Benchmarking Pitfalls

  • Measuring the work, not the barrier. Put no work between trips to isolate barrier cost; then add work to measure the overhead share.
  • b.N confusion. With N goroutines each doing b.N trips, the reported ns/op is per-goroutine-per-trip. Be explicit in your interpretation.
  • GOMAXPROCS=1. Barriers behave totally differently with real parallelism. Always bench with GOMAXPROCS ≥ N (or at least > 1).
  • Not pinning N. Using runtime.NumCPU() makes results unreproducible across machines. Fix N per benchmark case.
  • Ignoring the start barrier. Without a start.Wait() to release all parties together, early goroutines do trips before late ones spawn, skewing the first samples. Use a start gate (see the BenchmarkBarrierTrip skeleton).
  • No -race correctness pass. A fast-but-wrong barrier is worthless. Always run the correctness suite under -race before trusting a benchmark.
  • Forgetting the straggler. A microbenchmark with identical work per party hides straggler cost that dominates real workloads.
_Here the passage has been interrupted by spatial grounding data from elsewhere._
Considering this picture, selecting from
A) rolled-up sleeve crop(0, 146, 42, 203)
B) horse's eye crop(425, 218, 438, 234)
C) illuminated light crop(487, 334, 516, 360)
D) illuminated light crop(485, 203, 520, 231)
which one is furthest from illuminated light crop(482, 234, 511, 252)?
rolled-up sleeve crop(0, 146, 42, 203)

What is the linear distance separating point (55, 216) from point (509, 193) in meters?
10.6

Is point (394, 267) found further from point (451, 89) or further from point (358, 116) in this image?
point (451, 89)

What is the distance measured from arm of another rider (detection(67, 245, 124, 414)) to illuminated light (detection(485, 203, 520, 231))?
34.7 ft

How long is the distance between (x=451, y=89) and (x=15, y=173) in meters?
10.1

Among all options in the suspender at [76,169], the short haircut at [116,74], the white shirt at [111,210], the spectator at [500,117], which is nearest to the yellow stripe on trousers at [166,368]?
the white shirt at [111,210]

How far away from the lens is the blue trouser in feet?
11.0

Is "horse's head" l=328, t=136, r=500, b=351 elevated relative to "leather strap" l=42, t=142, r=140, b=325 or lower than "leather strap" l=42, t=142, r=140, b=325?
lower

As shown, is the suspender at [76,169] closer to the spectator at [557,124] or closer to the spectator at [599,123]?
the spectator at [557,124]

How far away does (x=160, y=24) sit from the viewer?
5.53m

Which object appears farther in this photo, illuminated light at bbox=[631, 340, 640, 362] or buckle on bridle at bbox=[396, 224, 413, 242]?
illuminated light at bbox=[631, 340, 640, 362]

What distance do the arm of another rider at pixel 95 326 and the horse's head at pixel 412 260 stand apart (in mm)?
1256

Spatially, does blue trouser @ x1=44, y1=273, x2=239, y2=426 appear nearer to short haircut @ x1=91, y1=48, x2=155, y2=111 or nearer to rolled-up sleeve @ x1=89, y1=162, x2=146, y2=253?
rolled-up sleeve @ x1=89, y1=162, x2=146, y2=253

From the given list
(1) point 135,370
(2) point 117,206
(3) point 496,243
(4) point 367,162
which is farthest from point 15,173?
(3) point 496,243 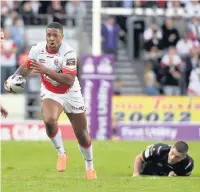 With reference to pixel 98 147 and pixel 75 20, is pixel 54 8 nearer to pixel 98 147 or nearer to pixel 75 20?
pixel 75 20

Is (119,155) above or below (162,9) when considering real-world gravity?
below

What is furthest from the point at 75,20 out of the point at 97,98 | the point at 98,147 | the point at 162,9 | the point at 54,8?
the point at 98,147

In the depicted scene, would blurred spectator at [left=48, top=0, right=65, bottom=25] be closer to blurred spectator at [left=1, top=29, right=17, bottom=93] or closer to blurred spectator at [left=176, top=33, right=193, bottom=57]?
blurred spectator at [left=1, top=29, right=17, bottom=93]

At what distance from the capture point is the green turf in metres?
13.3

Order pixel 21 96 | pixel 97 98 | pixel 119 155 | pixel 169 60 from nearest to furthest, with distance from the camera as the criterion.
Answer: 1. pixel 119 155
2. pixel 97 98
3. pixel 21 96
4. pixel 169 60

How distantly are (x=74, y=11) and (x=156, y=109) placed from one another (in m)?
4.79

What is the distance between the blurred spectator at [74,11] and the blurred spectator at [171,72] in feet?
10.1

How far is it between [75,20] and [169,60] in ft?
11.0

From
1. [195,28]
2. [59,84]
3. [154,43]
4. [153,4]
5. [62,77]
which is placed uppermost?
[62,77]

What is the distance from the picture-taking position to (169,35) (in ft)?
99.3

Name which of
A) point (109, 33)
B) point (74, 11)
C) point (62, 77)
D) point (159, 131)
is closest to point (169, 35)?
point (109, 33)

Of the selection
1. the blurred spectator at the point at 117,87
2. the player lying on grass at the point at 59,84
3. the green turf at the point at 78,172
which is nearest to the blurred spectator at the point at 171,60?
the blurred spectator at the point at 117,87

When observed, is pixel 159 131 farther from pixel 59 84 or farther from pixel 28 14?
pixel 59 84

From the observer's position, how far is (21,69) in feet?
47.7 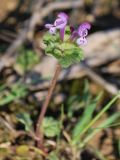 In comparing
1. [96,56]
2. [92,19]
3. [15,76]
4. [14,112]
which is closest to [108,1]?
[92,19]

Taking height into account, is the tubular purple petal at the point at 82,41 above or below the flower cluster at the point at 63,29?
below

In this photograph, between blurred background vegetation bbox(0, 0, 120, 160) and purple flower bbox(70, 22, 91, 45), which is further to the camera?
blurred background vegetation bbox(0, 0, 120, 160)

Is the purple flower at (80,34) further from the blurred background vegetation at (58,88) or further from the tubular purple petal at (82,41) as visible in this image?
the blurred background vegetation at (58,88)

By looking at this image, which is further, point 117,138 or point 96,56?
point 96,56

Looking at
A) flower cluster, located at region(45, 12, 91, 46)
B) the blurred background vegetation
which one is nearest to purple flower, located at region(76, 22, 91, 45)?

Add jittered work to a realistic bench.

Cheat Sheet

1. Coarsen phases first        -> usually the only optimisation that matters
2. N <= 16                     -> centralised Cond barrier, zero allocs, done
3. Need select/cancel          -> channel barrier (accept 1 alloc/trip)
4. N >= 32, proven bottleneck  -> tree or dissemination barrier (O(log N))
5. Straggler-bound             -> balance shards / work-steal, not barrier code
6. Hot spin barrier            -> pad flags to cache lines
ALWAYS: bench with GOMAXPROCS >= N, fixed N, start gate; correctness under -race
Symptom in profile Cause Fix
time in lockSlow central lock contention log-depth barrier or coarser phases
1 alloc/op in -benchmem channel barrier gate use Cond+generation
high wait_seconds p99 straggler balance shards
flat trips/sec, low CPU phases too fine coarsen

Summary

Optimising a barrier is mostly about not relying on barrier micro-tuning. The dominant win is coarsening phases so you trip far less often. After that, pick the design by N: the centralised Cond + generation barrier is fastest and allocation-free up to ~16 parties; beyond ~32 a tree or dissemination barrier removes the O(N) thundering-herd contention and stays nearly flat. The channel barrier costs one allocation per trip and is worth it only when you need select-based cancellation. And remember the algorithmic ceiling: a barrier can never run faster than its slowest party, so a straggler is fixed by balancing work, not by faster synchronisation primitives. Benchmark with real parallelism, a fixed N, a start gate, and a correctness pass under -race.